Limites des essais randomisés dans l'asthme sévère 

Les données obtenues dans des essais randomisés contre placebo sont indispensables pour valider l'effet d'une molécule et pour obtenir son autorisation de mise sur le marché et son remboursement par les autorités de santé. Cependant, les résultats des essais concernant l'asthme sévère font actuel­lement l'objet de 2 commentaires principaux, qui justifient l'intérêt croissant pour les données ­obtenues en vie réelle.

La 1re remarque réside dans le choix de la population participant à l'étude (1). Dans l'asthme, et notamment dans les formes sévères, on sait que les critères d'inclusion draconiens excluent une bonne partie des patients : en France, par exemple, 73 % des patients sont écartés sur le critère de réversibilité du VEMS à l'inclusion, 23 % sur la consommation de tabac, 25 % sur le VEMS, 50 % sur la prise de corticoïdes oraux (2). Les patients inclus représentent donc une petite frange de patients jeunes, “sévères mais pas trop”, sans comorbidités, non fumeurs (2), et qui se ­disent observants. En Grande-Bretagne, 9,8 % des patients d'un centre expert, pourtant bien caractérisés et suivis régulièrement, sont éligibles à un essai thérapeutique (1). Il existe donc une vraie question sur l'effet d'une molécule, validé dans une population très homogène, sur une population moins sélectionnée comprenant notamment des fumeurs ou des sujets âgés et/ou ayant des comorbidités.

La 2e remarque vient de l'importance de l'effet placebo, très caractéristique des essais cliniques dans l'asthme sévère. Cet effet placebo est très important pour les critères les moins objectifs (score de contrôle ou de qualité de vie), mais il est observé également sur le VEMS (3, 4). On évoque, pour expliquer cet effet, une meilleure technique d'inhalation au fil des visites (5), une meilleure observance du traitement de fond liée aux rappels itératifs, à une réassurance vis-à-vis du traitement, etc. On ne peut pas exclure non plus que certains patients interrompent leur traitement inhalé quelques jours avant la visite d'inclusion pour augmenter la probabilité de documenter la sacro-sainte réversibilité du VEMS, indispensable pour entrer dans certains essais, ce qui diminuerait artificiellement cette 1re mesure. Il est donc important de vérifier l'ampleur de l'effet clinique observé lorsque les patients sont moins encadrés que dans un essai clinique, et sur des périodes plus longues que les 24 ou 52 semaines d'une étude, afin de permettre de couvrir, par exemple, plusieurs saisons polliniques et plusieurs pics d'infections virales.

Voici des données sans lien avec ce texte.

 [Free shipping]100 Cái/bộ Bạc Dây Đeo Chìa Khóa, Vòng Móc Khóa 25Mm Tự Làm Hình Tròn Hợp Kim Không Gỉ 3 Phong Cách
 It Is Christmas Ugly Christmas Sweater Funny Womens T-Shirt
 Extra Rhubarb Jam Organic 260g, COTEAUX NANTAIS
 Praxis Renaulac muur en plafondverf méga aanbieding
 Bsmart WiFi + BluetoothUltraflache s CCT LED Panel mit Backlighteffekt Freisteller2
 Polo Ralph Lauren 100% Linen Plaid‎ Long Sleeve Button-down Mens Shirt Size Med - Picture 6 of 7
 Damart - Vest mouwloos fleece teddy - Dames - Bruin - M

Explorer l'asthme au-delà des critères habituels

L'effet des traitements de l'asthme sévère est actuellement évalué sur la triade contrôle-­exacerbations-VEMS et, de plus en plus souvent, sur la possibilité d'épargne cortisonique. Il est évident que l'arrivée d'un nouveau traitement amène rapidement les cliniciens à s'interroger sur l'effet dans des sous-groupes de patients (obèses versus non obèses, femmes versus hommes, allergiques versus non allergiques, adolescents et enfants, etc.), l'effet sur la qualité de vie, sur les comorbidités comme la rhinosinusite chronique, sur la mortalité cardiovasculaire à long terme, sur les coûts de santé et sur la vie professionnelle, etc. La réponse à un certain nombre de ces questions peut être évaluée par des analyses post hoc des essais randomisés, comme pour le mépolizumab (6-8) ou le benralizumab (9), avec les limites liées au choix de la population initiale discutées précédemment et la limite des effectifs qui peuvent être insuffisants pour certains sous-groupes ou de données non relevées dans le cahier d'observation clinique. On est surpris, par exemple, par la pauvreté de la description du statut allergique des patients inclus dans les essais récents avec les anti-IL-5 ou IL-5R, dans lesquels la présence d'une allergie est rétrospectivement définie par le fait d'avoir déjà reçu de l'omalizumab (7) ou d'avoir des critères biologiques compatibles avec la prescription d'omalizumab (10).

Au-delà de l'effet direct des nouvelles molécules, la transformation rapide de l'arsenal thérapeutique de l'asthme sévère pose de nombreuses autres questions auxquelles nous sommes encore loin de pouvoir répondre :

  • Quelle est la meilleure stratégie en présence ­d'allergie et d'éosinophilie autorisant la prescription de nombreux traitements ?
  • En cas d'échec d'un anti-IL-5, y a-t-il un intérêt à prescrire un anti-IL-5R (ou l'inverse) ?
  • Quelle est la durée optimale de traitement par une biothérapie ?
  • En cas d'arrêt, peut-on reprendre ensuite le même traitement, si nécessaire ?
  • L'échappement à un traitement est-il une réalité ? …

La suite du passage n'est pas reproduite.